Quelques jours plus tard, c’était au tour des paysans et des forestiers de Chambord de les découvrir avec un rien de stupeur émerveillée. Le fabuleux château recevait un maître à sa mesure car si le bon Stanislas, père de la reine, y avait vécu petitement, ce n’était certes pas le cas de ce soldat hors normes, déjà légendaire, qui allait renouveler les fastes du bâtisseur et éblouir tout le pays. Et contribua à son repeuplement, les filles de Chambord n'étant pas indifférentes au charme de certains de ses hommes…

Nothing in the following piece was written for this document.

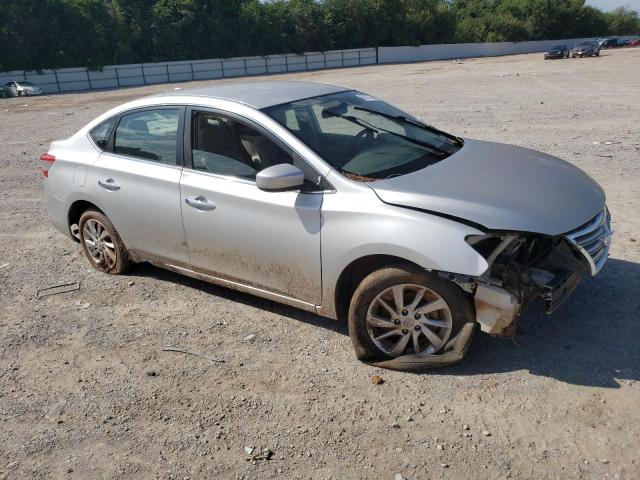 Photo 3 VIN: 3N1AB7AP7DL675262 - NISSAN SENTRA S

D’énormes travaux avaient été entrepris pour rendre habitable ce décor de pierre pour féerie. Les appartements étaient aménagés avec faste et aussi les casernes où logèrent les escadrons que chaque matin le maréchal faisait manœuvrer sur l’immense esplanade… Un nombreux personnel assurait le service d’environ cent cinquante personnes, invités de passage ou amis venus séjourner, à qui l’on offrait la cuisine sublime du chef Rôtisset, auteur de la célèbre recette de la « carpe à la Chambord », mais le plus impressionnant était peut-être les écuries renfermant vingt-quatre étalons, cent quatre-vingt-douze poulinières, cent dix-huit poulains, sans compter les quatre cents chevaux d’attelage. Rythmée par les trompes de chasse, les sonneries militaires et les violons des bals, la vie de Maurice de Saxe à Chambord allait être plus royale que seigneuriale.